Archive for July, 2009

John Tukey and GPS

Saturday, July 11th, 2009

In this amusing article Emily Yoffe tells about her troubles with GPS. She fails, unfortunately, to look on the bright side — to say how flawed GPS is better than no GPS. After a talk by John Tukey, the statistician, at Berkeley, I told him that I had found the tools he wrote about in Exploratory Data Analysis to be really helpful. (For example, smoothing my data led me to discover that eating breakfast made me wake up too early.) Tukey replied that if the tools are helpful half the time, that’s good. It isn’t easy to make an interesting response to a compliment!

Something is better than nothing.

Yogurt Associated With Less Allergies

Saturday, July 11th, 2009

From the abstract of a 2006 study done in Japan:

An epidemiological study was carried out on [134] first-year junior high school students in Wakayama Prefecture. Analyses were performed to investigate the relationships among eating habits of fermented milk or fermented soybean foods and the presence of atopic diseases. Serum levels of total IgE values, specific IgE to house dust mite and Japanese cedar pollen in these subjects were evaluated to clarify atopic status. . . . RESULTS: Serum total IgE levels were found to be significantly lower in those subjects habitually eating yogurt and/or fermented milk drinking, in comparison with those who do not habitually eat such fermented milk foods. Subjects with habitual intake of these fermented milk foods were significantly lower in having various allergy diseases compared with those without such an eating habit. However, no difference was found on the total IgE titers and having allergy diseases between subjects with or without habitual intake of Natto, a fermented soybean food.

Note the small sample size. Contrary to some experts, it’s a good sign. It means the differences were strong enough to be significant in a relatively small sample. A review article about allergies and fermented foods.

Last January (2008) I got home from Japan and started eating miso soup so often I forgot what I used to eat. This January (2009) I went to the Fancy Food Show and became so interested in fermented foods I’m having trouble remembering what I used to blog about.

Thanks to Peter Spero.

The Wisdom of Young Picky Eaters

Friday, July 10th, 2009

I’m sure that what we want to eat is a good guide to what we should eat, so long as you ask what our preferences would have led us to eat 100,000 years ago — before we killed off the woolly mammoths. (Curiously, I’ve never seen this obvious idea in any nutrition text.) A vast amount of trial and error is embodied in those preferences. Because we learn to like foods, our best guide to unlearned preferences may be what children want to eat.

The great essayist George Trow doesn’t quite get it, I’m afraid:

In the New History, the preferences of a child carried as much weight as the preferences of an adult, so the refining of preferences was subtracted from what it was necessary for a man to learn to do.

The Wisdom of the One-Year-Old Picky Eater. The Wisdom of the Five-Year-Old Picky Eater.

Modern Veblen: Kathy Griffin Tells the Truth

Thursday, July 9th, 2009

From Season 3, Episode 6 of My Life on the D-List:

TV SHOW PRODUCER [preparing Kathy for the questions she'll be asked] What do you love about handbags?

KATHY GRIFFIN That they are a statement that I’m rich.
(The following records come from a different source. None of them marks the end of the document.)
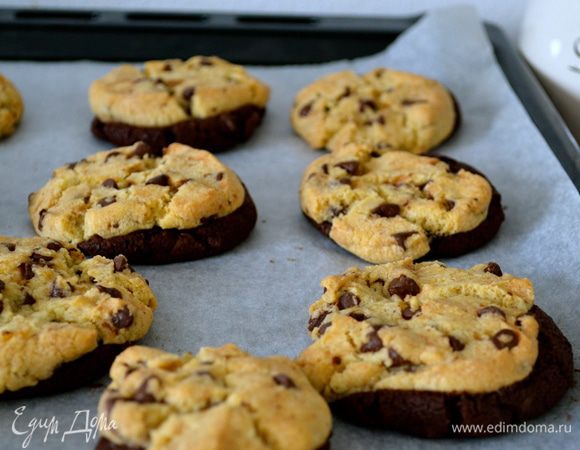 Выпекать печенье в разогретой духовке 12-15 минут. Готовое печенье достать из духовки, дать полежать минут 5 на противне... 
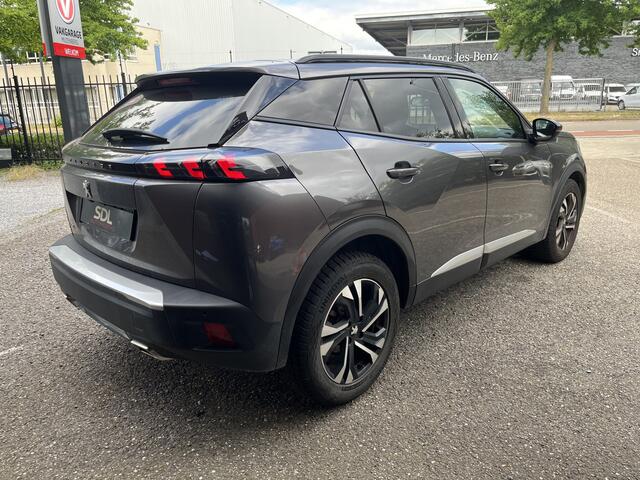 Peugeot 2008 1.2 PureTech Allure // LED // HALF LEDER // 3D COCKPIT // CAMERA+SENSOREN // NAVI+CARPLAY //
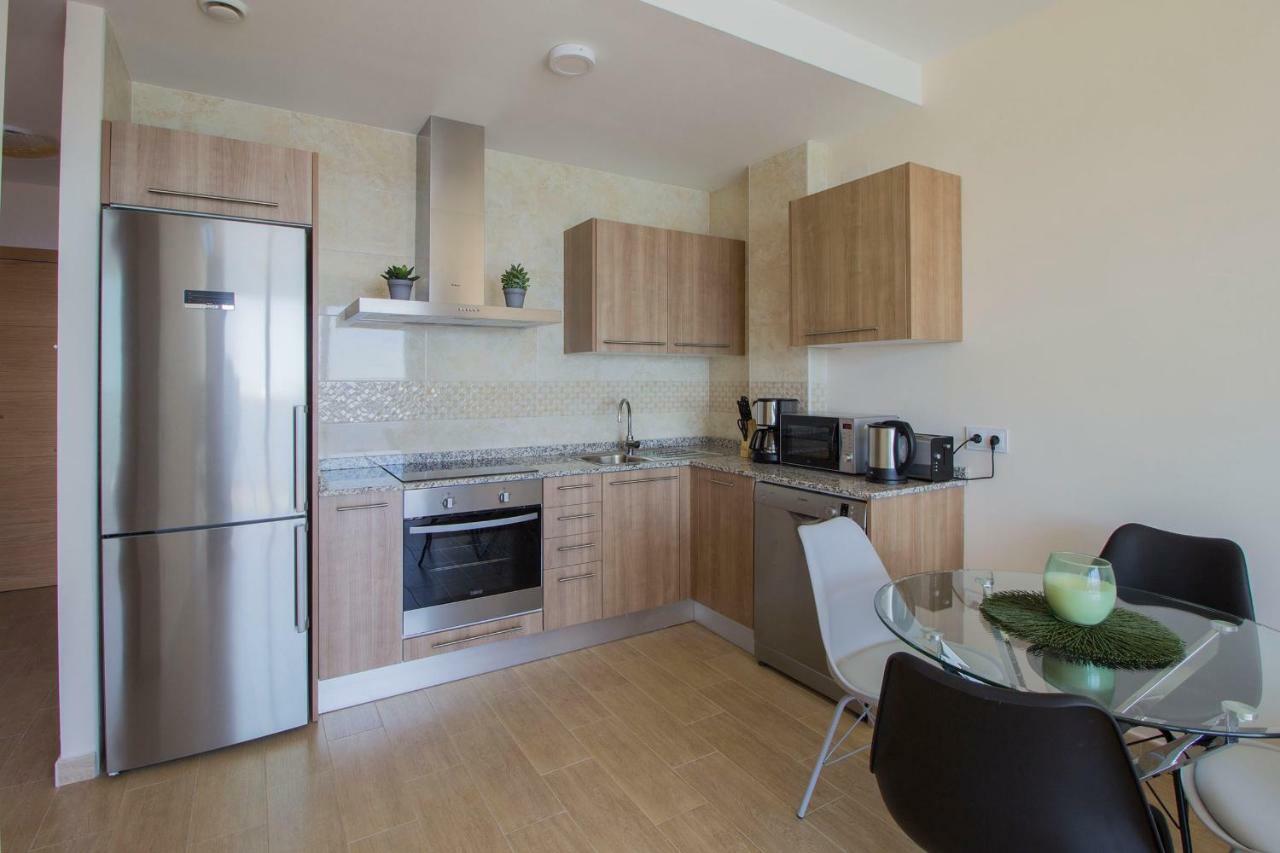 Beautiful Frontline Apartment Melioria With Panoramic Seaview กัลเป ภายนอก รูปภาพ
This reminds me of Albert Einstein saying his two favorite thinkers were Thorstein Veblen and Sigmund Freud. We really are smarter now, just as James Flynn says. Einstein, surely the best physicist of his generation, was unable to see that Freud was bogus, and, although he was right about Veblen, talented comedians now say exactly what Veblen said.

More Kathy Griffin in this week’s EW: “I have not read a book since last week’s Us Weekly.” That makes two of us, Kathy.

Homemade Kombucha: The Hard Part Made Easy

Thursday, July 9th, 2009

The only hard part of making kombucha is getting starter culture. Here’s an easy way to do that:

Get a bottle of K.T.’s [or any non-pasteurized brand] . . . remove the cap, cover with cotton [or paper towel] and rubber band, set in warm spot [room temperature is fine] for about 3 weeks [or less] and a nice baby culture will grow on the top! Simply pour the entire contents in your . . . tea and sugar mixture.

I noticed the same thing with Rejuvenation Company kombucha stored at room temperature for a few weeks. To speed up culture growth transfer the kombucha to a container with a wide mouth, so that it gets more oxygen. Adding sugar, a few teaspoons/cup of kombucha, might help.